* _What the exercise asks_: Return every line below as is, leaving out the pictures.

Items listed in a dataset:
+ + + +
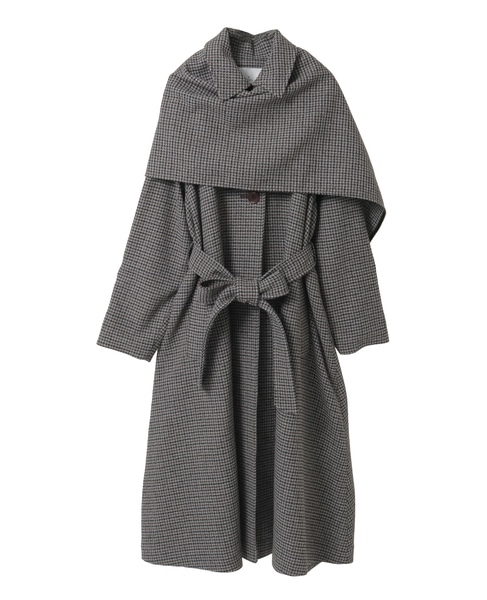 ストール付きテントコート 詳細画像 グレー千鳥 1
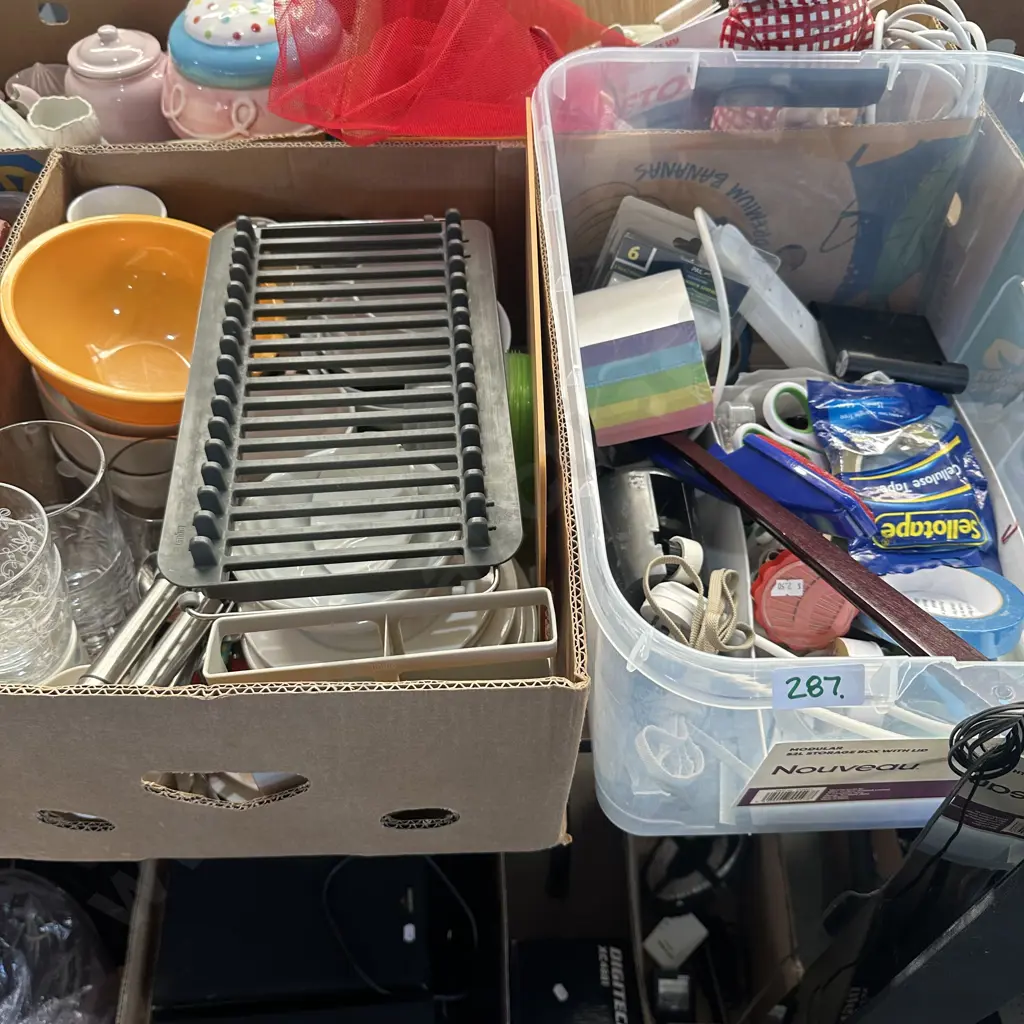 Two boxes stationary, plates bowls and cutlery. Image 1++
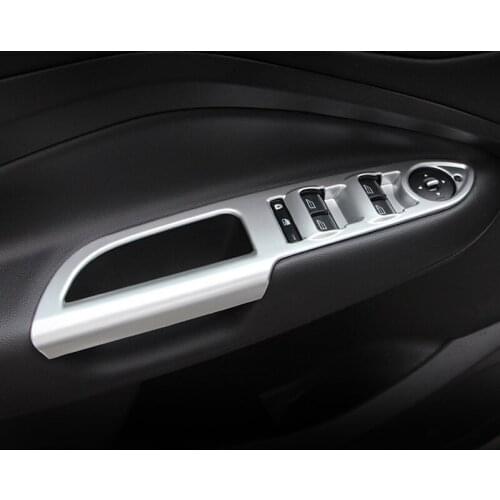 Car Styling For Ford Escape Kuga 2017 2018 Left Hand Driving ABS Matte Inner Door Handle Armrest Window Lift Switch Panel Cover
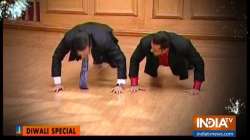 Salman Khan and host Rajat Sharma do push-ups together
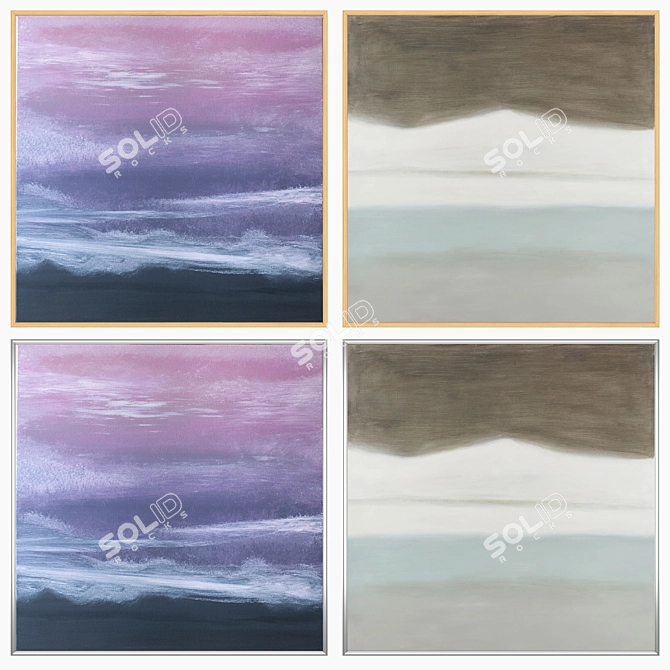 Decor Set: 2 Paintings & 4 Frames 3D model image 3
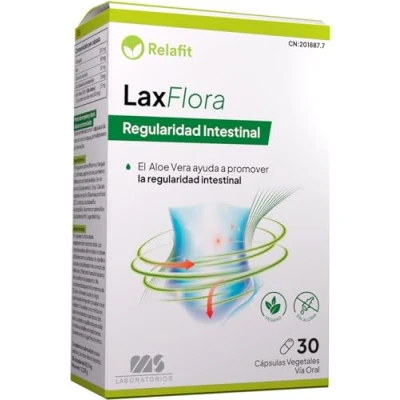 Imagen de Laxflora 30 Cápsulas Relafit Laboratorios MS Suministro para 1 mes Laxante con probióticos SIN aloína Tratamiento eficaz contra el estreñimiento y acelera la digestión Vegano
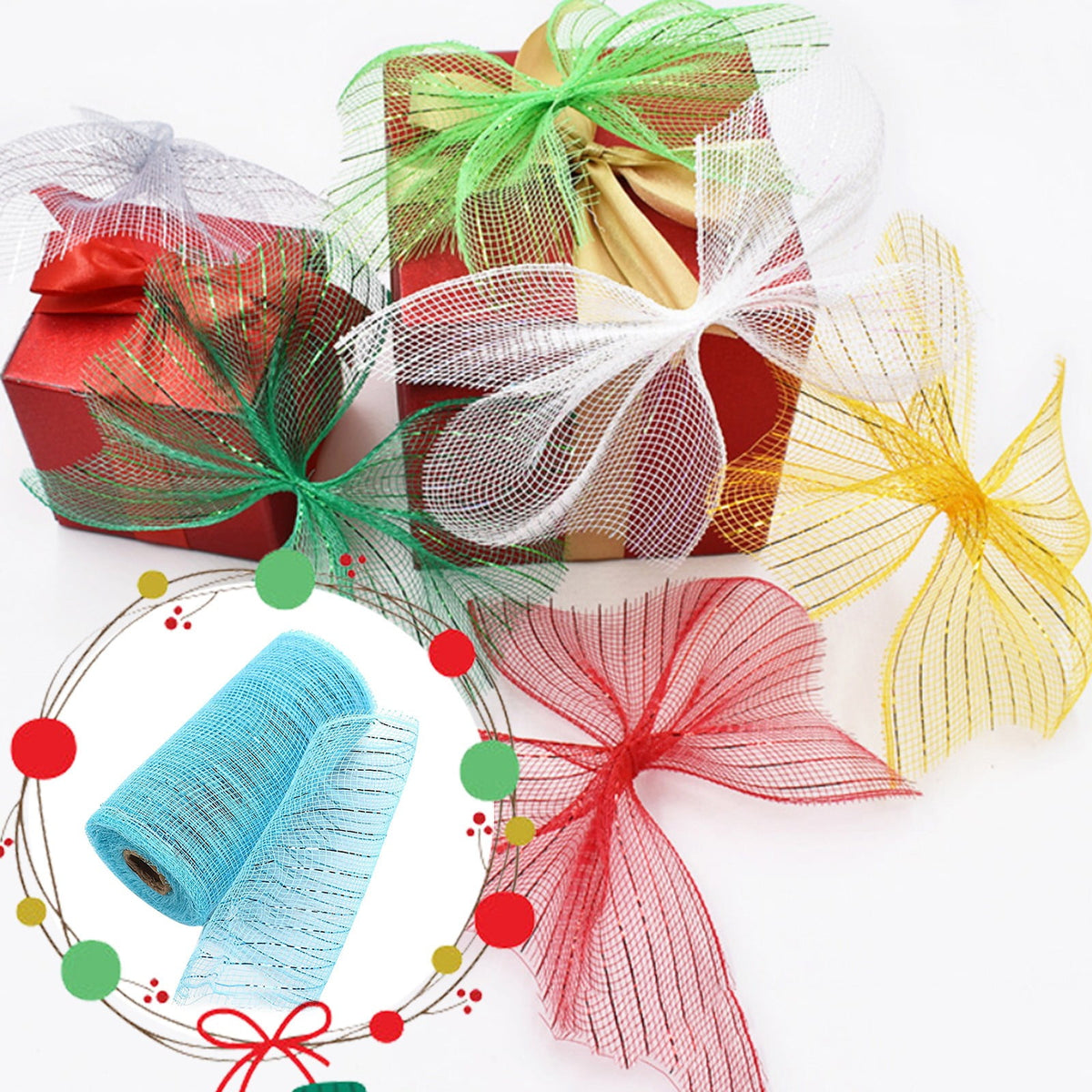 15cm x 10 Yard Poly Decorating Mesh Ribbon with Metallic Foil Each Roll for Wreaths, Swags Bows Wrapping and Decorating Projects-1 Roll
+ + + +
* _Your response_:
 ストール付きテントコート 詳細画像 グレー千鳥 1
 Two boxes stationary, plates bowls and cutlery. Image 1++
 Car Styling For Ford Escape Kuga 2017 2018 Left Hand Driving ABS Matte Inner Door Handle Armrest Window Lift Switch Panel Cover
 Salman Khan and host Rajat Sharma do push-ups together
 Decor Set: 2 Paintings & 4 Frames 3D model image 3
 Imagen de Laxflora 30 Cápsulas Relafit Laboratorios MS Suministro para 1 mes Laxante con probióticos SIN aloína Tratamiento eficaz contra el estreñimiento y acelera la digestión Vegano
 15cm x 10 Yard Poly Decorating Mesh Ribbon with Metallic Foil Each Roll for Wreaths, Swags Bows Wrapping and Decorating Projects-1 Roll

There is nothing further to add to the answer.